The mention of Nandi Hills conjures up images of treks to the top for a glimpse of the stunning sunrise or raising your face to mist-filled clouds drifting in. Actually, you don’t have to climb to the peak for the best secret of all, for that sits quietly at the foot of Nandi Hills. It’s the quaint and beautiful Nandi Halt, a railway station frozen in time.
Built as part of the historic Bangalore-Chikballapur Light Railway, the building’s walls and edifice are testimony to its visionary founders (Sir M. Visvesvaraya for one, the then Dewan of the Princely State of Mysore). But its present-day state of damage and decay is symptomatic of our failure to preserve some of the best bits of our past. The beautiful but derelict building sits in the midst of fields. A lovely large banyan dominates the area, and several cool peepul trees add to the serenity and beauty of the place.
Sanctioned in September 1909 as a two-feet, six-inch gauge railway line, the section from Devanahalli to Chikballapur that passes through Nandi Halt opened to passenger and goods traffic on August 1, 1915. In other words, the building, which has remained virtually untouched for the last 100 years, is today deserving of the ‘heritage structure’ tag.
This was the first railway line in the Princely State of Mysore started by private enterprise under a guarantee from the government of the Princely State under which, if the railway company earned less than four per cent of the capital subscribed, the Princely State made good the difference; any surplus was split 50:50 with the government.
The line has now been modernised to a broad gauge line that links Bengaluru City and Cantonment stations to Chikballapur and onwards to Kolar. Many stations on this stretch between Bengaluru and Chikballapur — with their musical names of Avatihalli, Dodjala and Devanahalli — are a 100 years old and show vestiges of colonial architecture. In some places, Devanahalli, for example, a ‘modern’ train station sits right next to the older structure, and the contrast between the beautiful (but crumbling) and the ugly (but ostensibly functional) couldn’t be more apparent.
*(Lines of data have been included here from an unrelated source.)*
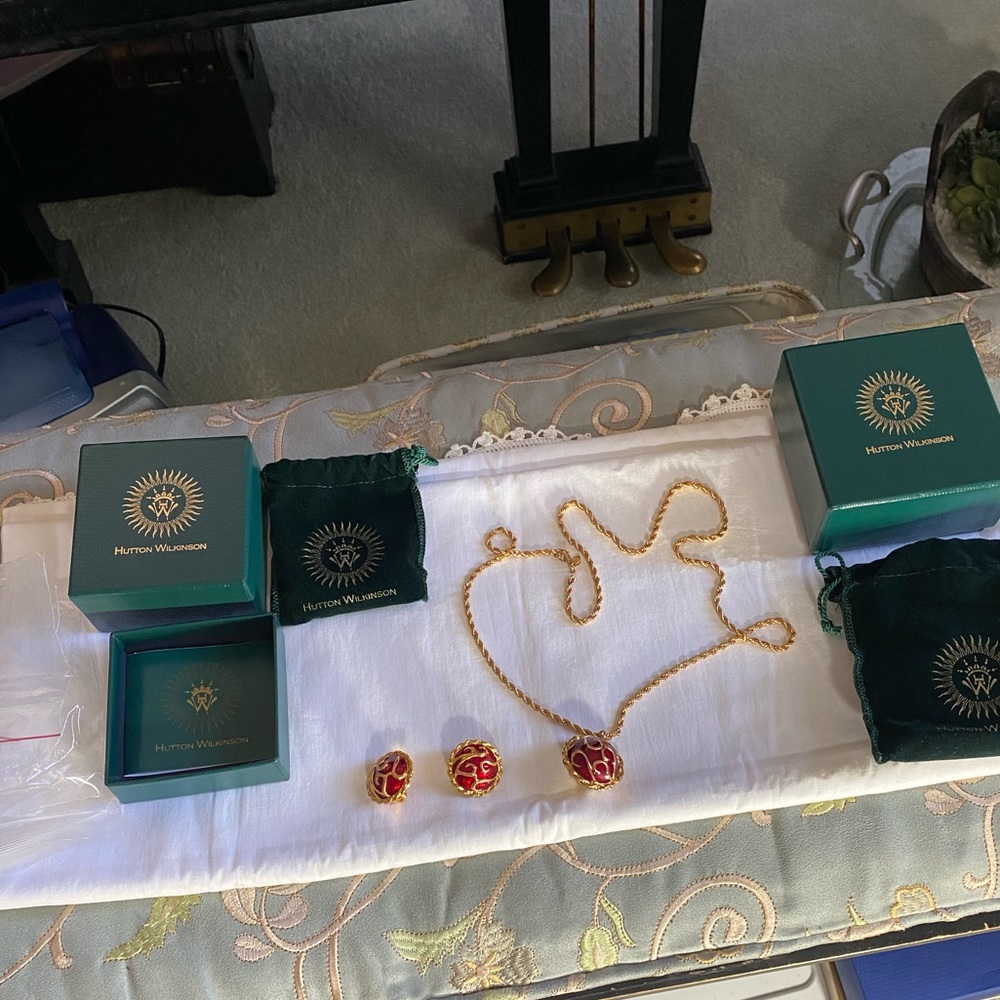 Hutton Wilkinson Jewelry Set. Necklace with matching clip on earrings NRFB
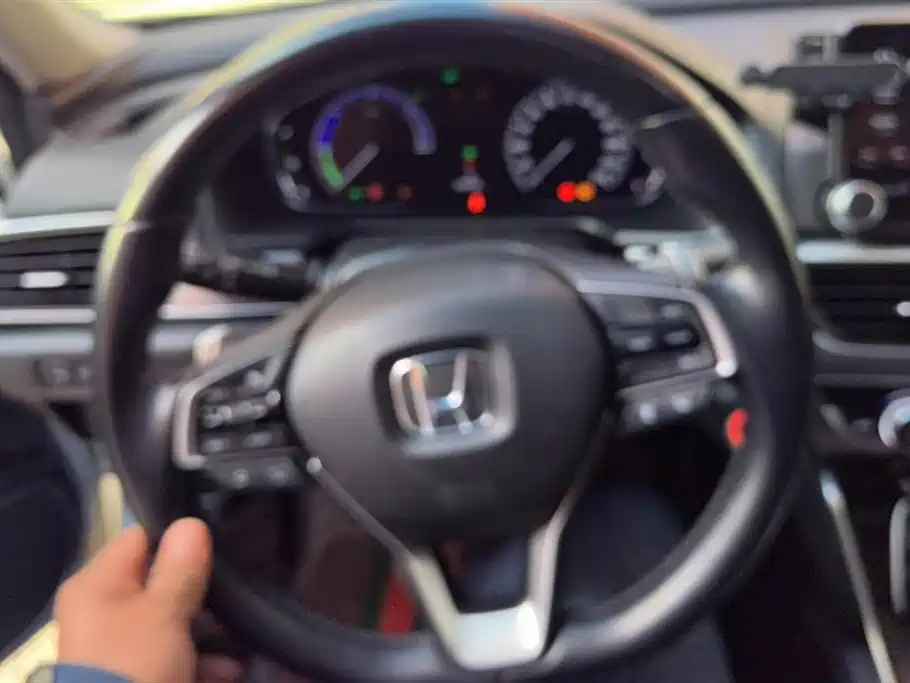 Accord 2018 Hybrid 2.0L Sharp Leading Edition China V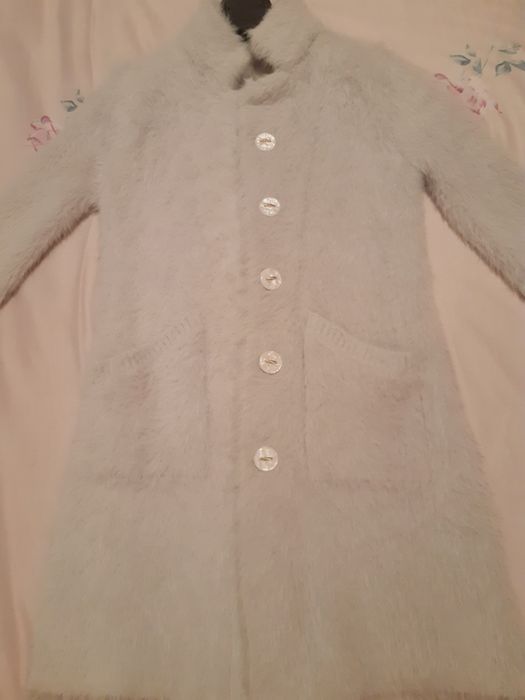 Кардиган. В отличном сером оттенке.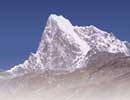 Imagen principal del artículo El Everest: aventura, reto y ciencia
Writing in 1929, the Mysore Gazetteer noted that “it is not easy to gauge the moral influence which railways have exercised on the habits and customs of the people. It is often alleged that railways are helping to break down caste…There can…be little doubt that increased travel and the mixing up of all castes and people in carriages, which railway travel necessitates, must produce greater tolerance, if it does no more.”
This little train line and its exquisite stations can so very easily become part of the commuter rail project that Bengaluru is crying out for, to connect the city with its new international airport and the northern suburbs. They are worth preserving and promoting as our collective and shared heritage. It’s an easy way to connect history with modernity. How perfect it would be if we could ensure that the old is left intact yet restored in a way that the imperatives of development are met.
Siddharth Raja lives in Nandi Hills and runs a heritage walking tour company.